Task brief
Find the line with "An ICRC delegate" in the entries below, then output every line from it down to the line with "A vendor arranging", exactly and with no pictures.

Collected data
◆ ◆ ◆ ◆
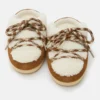 Evx Braune Mules aus Lammfell Evx Braune Mules aus Lammfell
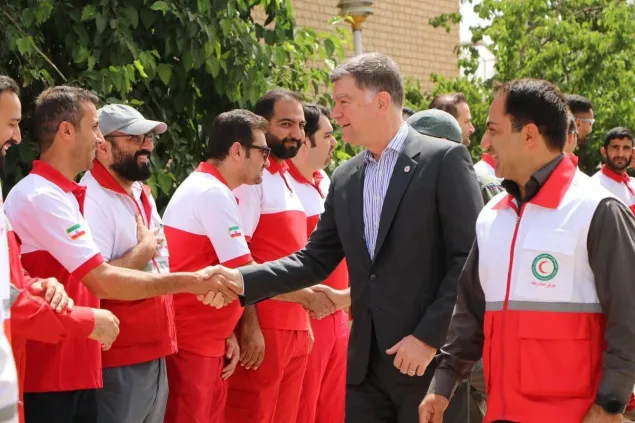 An ICRC delegate shakes hands with Red Crescent staff members wearing red and white uniforms during a visit or meeting outdoors.
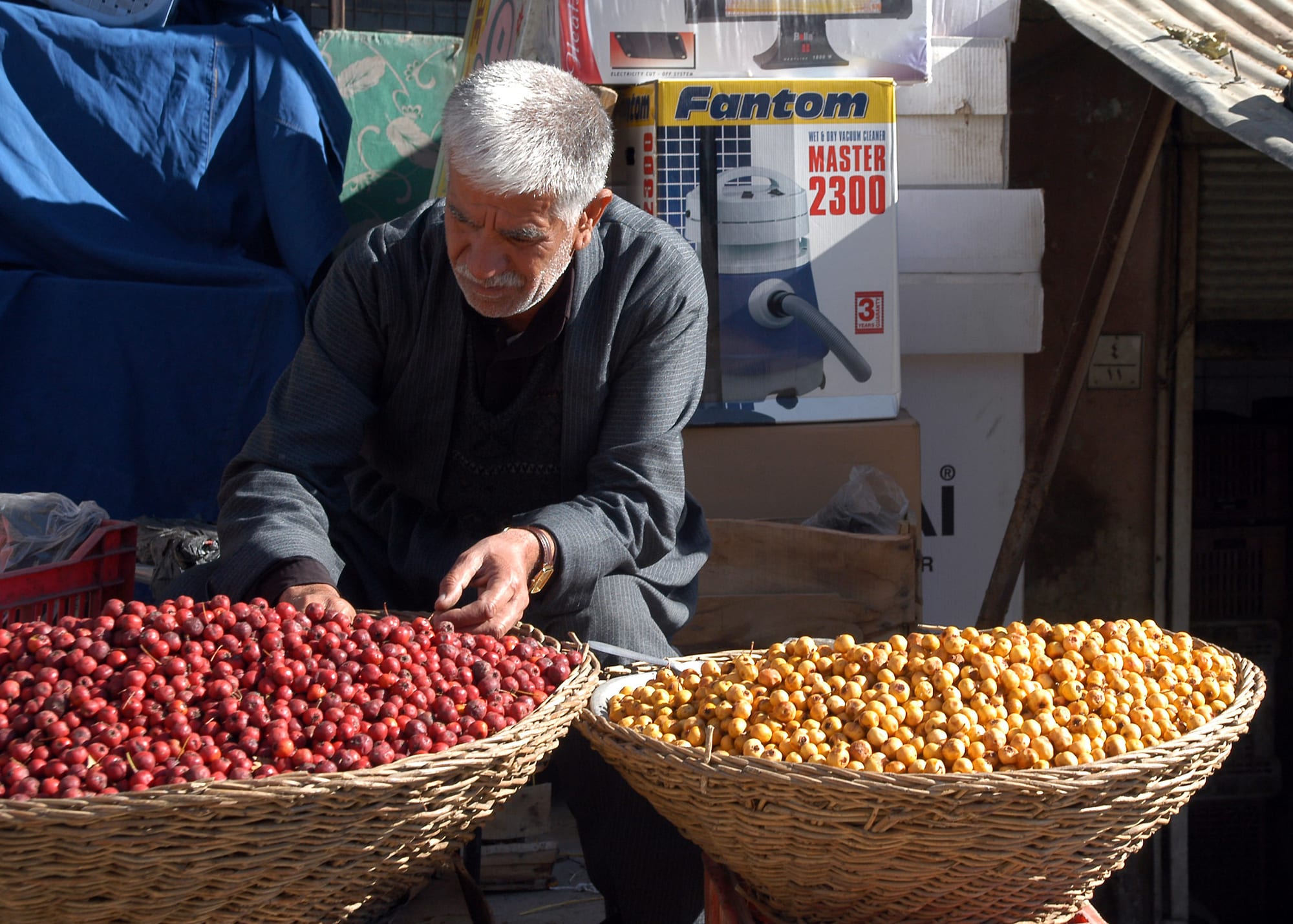 A vendor arranging baskets of red and yellow berries at a market stall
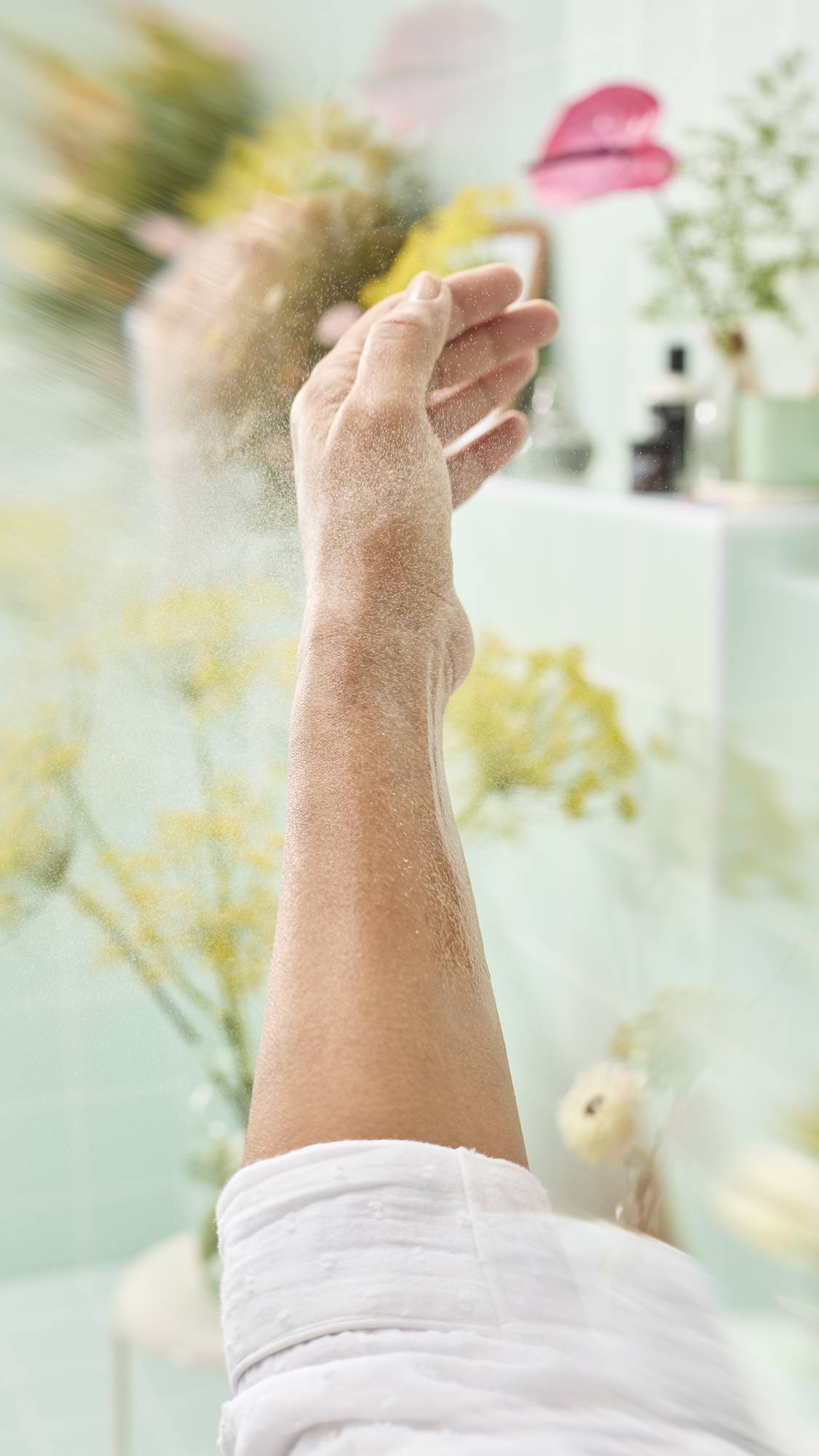 A close-up image showing a fine mist of "I Love You To Peaches" body spray being spritzed onto a model’s raised forearm. The background is a bright, soft-focus bathroom with pale green tiles and various colourful flowers.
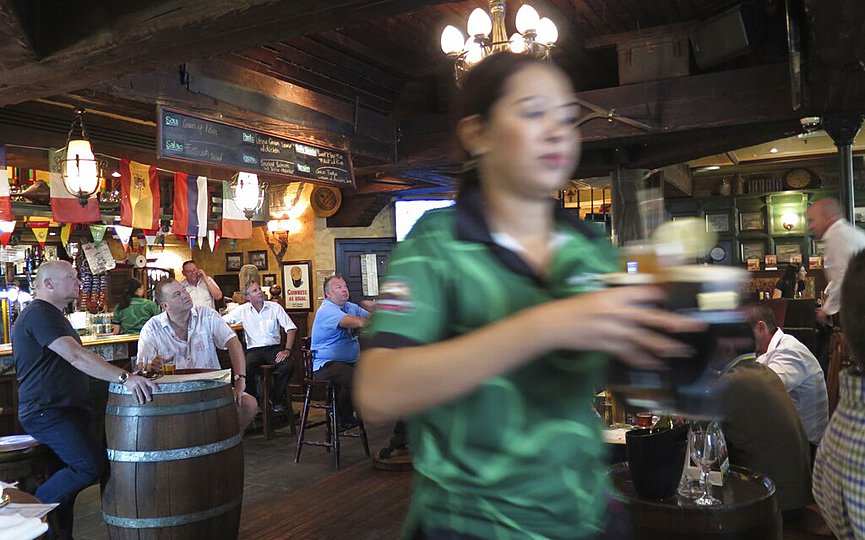 FILE - In this June 22, 2016 file photo, a waitress serves customers beer at a restaurant in Dubai, United Arab Emirates. (AP Photo/Kamran Jebreili, File)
◆ ◆ ◆ ◆
Your solution
 An ICRC delegate shakes hands with Red Crescent staff members wearing red and white uniforms during a visit or meeting outdoors.
 A vendor arranging baskets of red and yellow berries at a market stall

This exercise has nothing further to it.